Text: Inscribed on one face.
Letters: First century CE: broad shallow lettering, 0.60. The stop after Ioui is in the form of an ampulla.
Date: First century CE
Findspot:
Cyrene:
Temple of Zeus,
in situ as overthrown during the Jewish revolt.
The fragments of the second and fourth block were found in 1955,
the substantial portion of the fifth, sixth and seventh blocks between 1939 and 1942.
Original location:
Temple of Zeus: from the Doric entablature of the external, eastern, façade of the peristasis.
Last recorded location:
Temple of Zeus: all assembled in front of the East end.
English translation
Translation by: Editors
. . . proconsul, for Jupiter Augustus.
Commentary
The remainder of the architrave has almost certainly perished.

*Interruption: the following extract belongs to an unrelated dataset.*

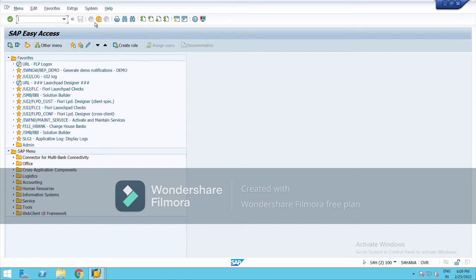Hello everyone, today I am going to practice document types and document splitting, and I will be sharing those topics with you. Document type is like an accounting voucher — just like in Tally we have F5 for payment and F6 for receipt. Similarly in SAP we have document types, for example SA for general ledger and AA for asset accounting, to identify the entries that we are making.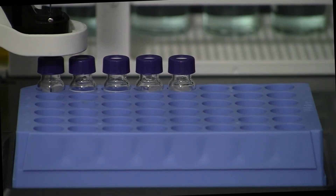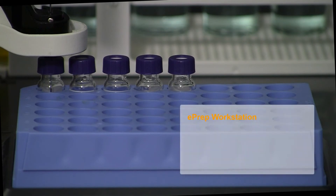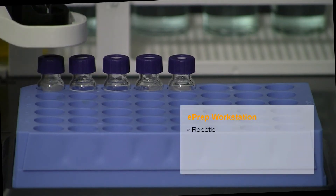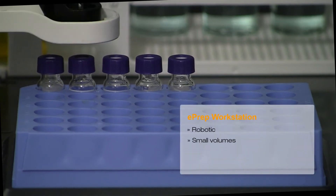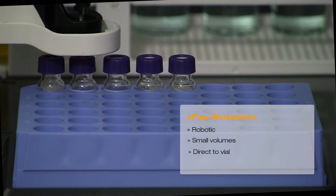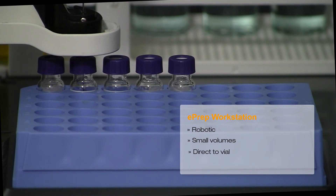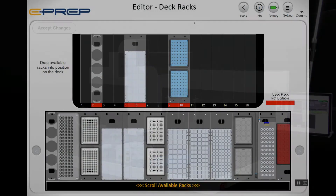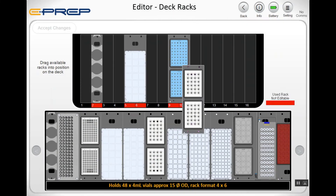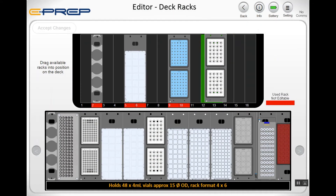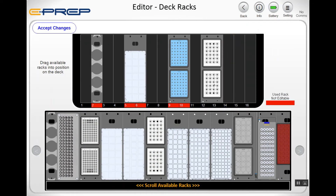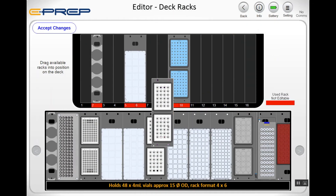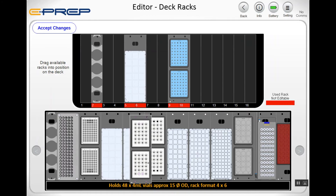The modular deck design enables the user to use any autosampler and sample rack they choose, giving the E-PREP great flexibility to create complex workflows. To make it even nicer, the racks on the deck match the racks viewed in the software through an easy drag-and-drop interface.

For the text see also C.419, line 1, which cannot be much later than the last decade of Augustus. The two texts are likely to be approximately contemporary, so that an extensive restoration of the Temple under Augustus or Tiberius is indicated. For the transformation of Zeus into Jupiter Augustus cf. e.g. OGIS 659 ( at PHI 219076) of CE 1-3 from Tentyris in Egypt, ὑπὲρ Αὐτοκράτορος Καίσαρος θεοῦ υἱοῦ Διὸς Ἐλευθερίου Σεβαστοῦ.
For the stop - in the form of an ampulla - compare C.3, C.9, line 3.
Also noteworthy is the prominence given to the name of the proconsul.
Bibliography: Part, Pesce, 1951, 7, p. 94, and fig. 5, whence AE 1954.43, whence EDH 017732; republished Goodchild-Reynolds-Herington, 1958, D, pp. 37-39, whence AE 1960.263, whence EDH 019024.
Text constituted from: Transcription (Reynolds).